An Experimental Design for Anytime-Valid Causal Inference on Multi-Armed Bandits

Experimentation is crucial for managers to rigorously quantify the value of a change and determine if it leads to a statistically significant improvement over the status quo, thus augmenting their decision-making.
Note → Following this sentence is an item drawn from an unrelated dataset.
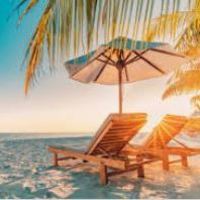 Click for larger view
Many companies now mandate that all changes undergo experimentation, presenting two challenges: (1) reducing the risk/cost of experimentation by minimizing the proportion of customers assigned to the inferior treatment and (2) increasing the experimentation velocity by enabling managers to stop experiments as soon as results are statistically significant. This paper simultaneously addresses both challenges by proposing the Mixture Adaptive Design (MAD), a new experimental design for multi-armed bandit (MAB) algorithms that enables anytime valid inference on the Average Treatment Effect (ATE) for any MAB algorithm. Intuitively, the MAB "mixes" any bandit algorithm with a Bernoulli design such that at each time step, the probability that a customer is assigned via the Bernoulli design is controlled by a user-specified deterministic sequence that can converge to zero. The sequence enables managers to directly and interpretably control the trade-off between regret minimization and inferential precision. Under mild conditions on the rate the sequence converges to zero, we provide a confidence sequence that is asymptotically anytime valid and demonstrate that the MAD is guaranteed to have a finite stopping time in the presence of a true non-zero ATE. Hence, the MAD allows managers to stop experiments early when a significant ATE is detected while ensuring valid inference, enhancing both the efficiency and reliability of adaptive experiments. Empirically, we demonstrate that the MAD achieves finite-sample anytime-validity while accurately and precisely estimating the ATE, all without incurring significant losses in reward compared to standard bandit designs.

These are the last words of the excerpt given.